There are several small lifestyle choices you can make to help protect marine life and make a big difference for our oceans.
The ocean cover over 71 percent of our planet and are home to almost a million species, making it a vital source of food and income for over 800 million people globally. It also plays an essential role in controlling everything around us— from global weather patterns to food systems— making it our greatest resource here on earth.
However, in recent years, the effects of overfishing, climate change and pollution have taken a huge tool on our ocean, making the need for change more urgent than ever before.
Damage to coral reefs caused by global warming, as well as overfishing, could potentially cause a 30% decline in fish catch potential in Qatari waters by the end of the century, according to Research Assistant Professor at Qatar University Pedro Range.

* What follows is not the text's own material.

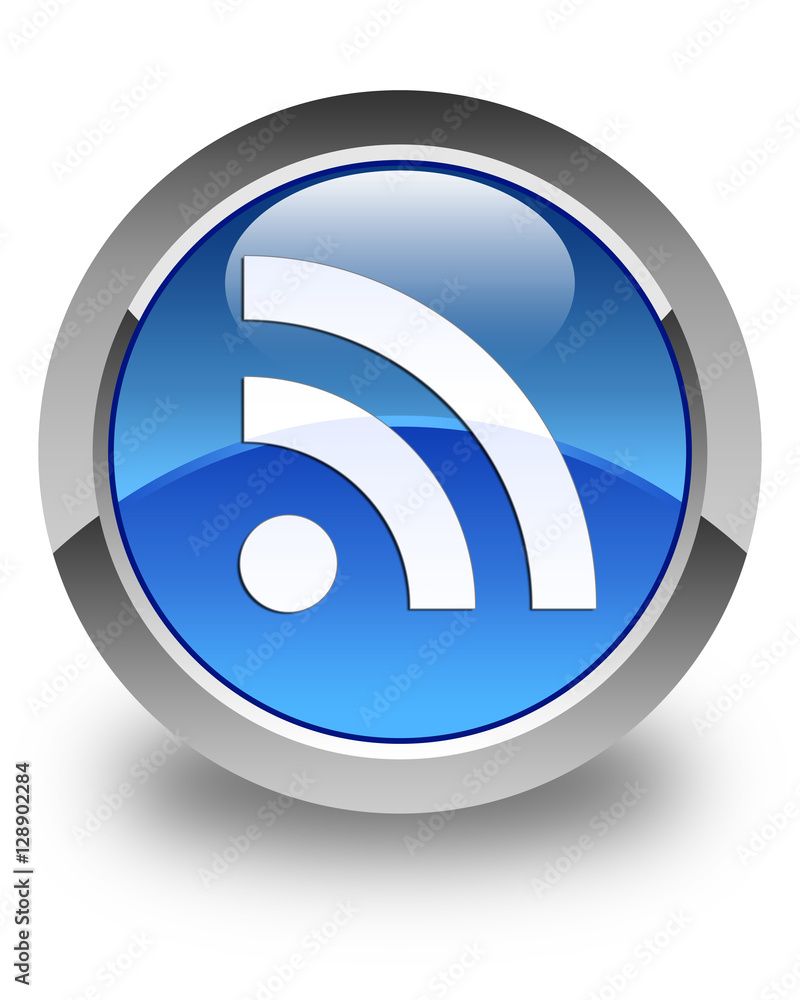 RSS icon glossy blue round button RSS icon glossy blue round button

To commemorate World Oceans Day, here is a list of lifestyle alterations you can do that can help preserve the ocean for future generations.

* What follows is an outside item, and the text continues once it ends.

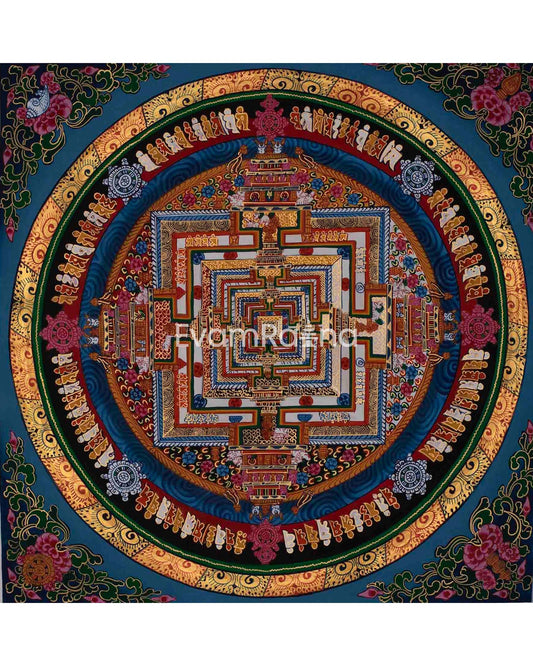 Hand-Painted Kalachakra Mandala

1- Use Fewer Plastic Products
Over 8 million tonnes of plastic gets dumped into the ocean each year, which destroys ecosystems and put marine life in great danger. Single use plastics, such as water bottles and take-out packaging, pollute the ocean and entangle and kill tens of thousands of marine animals each year.
Using fewer plastics can play a significant role in protecting sea life, especially if a huge percentage of the population pays attention to plastic- consumption.
Instead, find better alternatives. Carry a reusable water bottle, use non-disposable containers to store food and use reusable shopping bags or tote whenever you go to the supermarket. Recycling whenever possible is also a good way of protecting the ocean.
2- Cut your emission
Climate change is one of the most greatest risks to the ocean. In the last half-a century alone, the ocean has absorbed 90% of excess heat created by burning fossil fuels. This makes the water more acidic and warmer, affecting fish, coral reefs and even changing how marine species reproduce.
Start by slowly reducing the effects of climate change by being conscious of your energy use whenever you go. A small contribution from everyone can go along way.
You can make a change by switching to compact fluorescent light bulbs, taking the stairs or leaving your car whenever you can.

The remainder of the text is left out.